Work item:
Each line from the start of the records through the line containing "Мужская зимняя куртка" is to be transcribed exactly, and no other line is to be included.

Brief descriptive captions
Start of Block

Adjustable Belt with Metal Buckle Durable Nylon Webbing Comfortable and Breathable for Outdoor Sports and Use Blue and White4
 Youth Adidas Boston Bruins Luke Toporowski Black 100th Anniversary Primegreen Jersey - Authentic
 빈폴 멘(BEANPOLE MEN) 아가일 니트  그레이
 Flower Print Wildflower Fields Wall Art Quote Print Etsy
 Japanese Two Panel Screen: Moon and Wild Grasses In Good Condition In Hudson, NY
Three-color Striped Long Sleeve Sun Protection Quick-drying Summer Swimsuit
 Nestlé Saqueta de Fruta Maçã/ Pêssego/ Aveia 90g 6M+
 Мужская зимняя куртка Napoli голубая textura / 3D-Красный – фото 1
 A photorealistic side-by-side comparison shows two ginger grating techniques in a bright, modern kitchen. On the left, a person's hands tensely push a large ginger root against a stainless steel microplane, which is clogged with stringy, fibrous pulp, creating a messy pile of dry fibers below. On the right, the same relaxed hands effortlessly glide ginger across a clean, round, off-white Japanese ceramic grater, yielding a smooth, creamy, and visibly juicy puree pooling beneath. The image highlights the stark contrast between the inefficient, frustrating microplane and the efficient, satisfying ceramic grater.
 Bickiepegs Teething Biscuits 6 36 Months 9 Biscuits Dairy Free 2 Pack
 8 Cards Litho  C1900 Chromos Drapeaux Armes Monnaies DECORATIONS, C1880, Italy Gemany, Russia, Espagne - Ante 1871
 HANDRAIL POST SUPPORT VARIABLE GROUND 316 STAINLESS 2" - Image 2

End of Block

Result for this task:
Adjustable Belt with Metal Buckle Durable Nylon Webbing Comfortable and Breathable for Outdoor Sports and Use Blue and White4
 Youth Adidas Boston Bruins Luke Toporowski Black 100th Anniversary Primegreen Jersey - Authentic
 빈폴 멘(BEANPOLE MEN) 아가일 니트  그레이
 Flower Print Wildflower Fields Wall Art Quote Print Etsy
 Japanese Two Panel Screen: Moon and Wild Grasses In Good Condition In Hudson, NY
Three-color Striped Long Sleeve Sun Protection Quick-drying Summer Swimsuit
 Nestlé Saqueta de Fruta Maçã/ Pêssego/ Aveia 90g 6M+
 Мужская зимняя куртка Napoli голубая textura / 3D-Красный – фото 1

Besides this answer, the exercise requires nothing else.